▸ **RECORDS PROVIDED**:
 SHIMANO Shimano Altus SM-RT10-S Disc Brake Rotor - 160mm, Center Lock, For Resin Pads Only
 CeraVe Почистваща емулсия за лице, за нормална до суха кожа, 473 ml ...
---
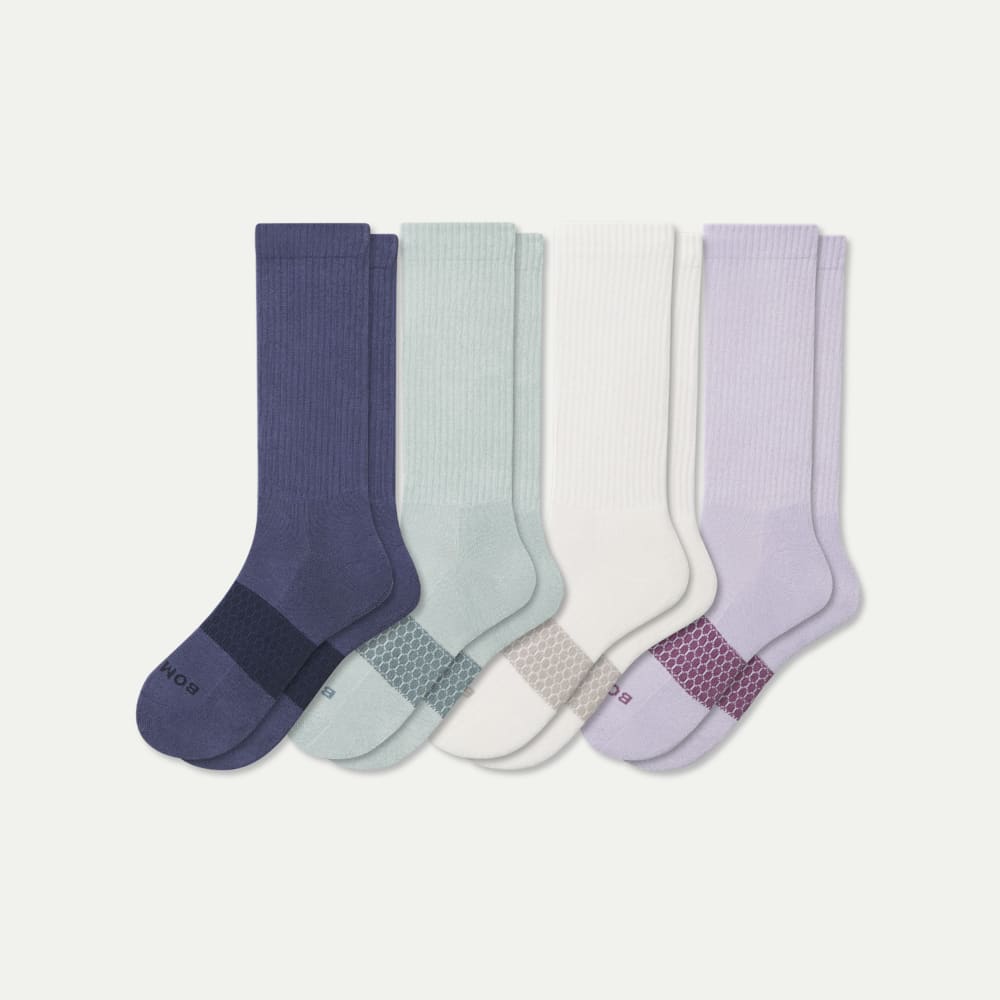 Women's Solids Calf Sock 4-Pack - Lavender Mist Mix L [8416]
==
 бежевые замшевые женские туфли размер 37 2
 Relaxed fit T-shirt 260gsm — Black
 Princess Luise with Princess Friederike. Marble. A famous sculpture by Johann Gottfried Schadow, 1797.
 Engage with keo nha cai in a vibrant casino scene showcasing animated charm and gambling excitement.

▸ **WHAT THE TASK REQUIRES**:
Reproduce exactly the lines above from the line with "SHIMANO Shimano Altus" to the line with "CeraVe Почистваща емулсия", including both, and add nothing.

▸ **FINISHED EXERCISE**:
 SHIMANO Shimano Altus SM-RT10-S Disc Brake Rotor - 160mm, Center Lock, For Resin Pads Only
 CeraVe Почистваща емулсия за лице, за нормална до суха кожа, 473 ml ...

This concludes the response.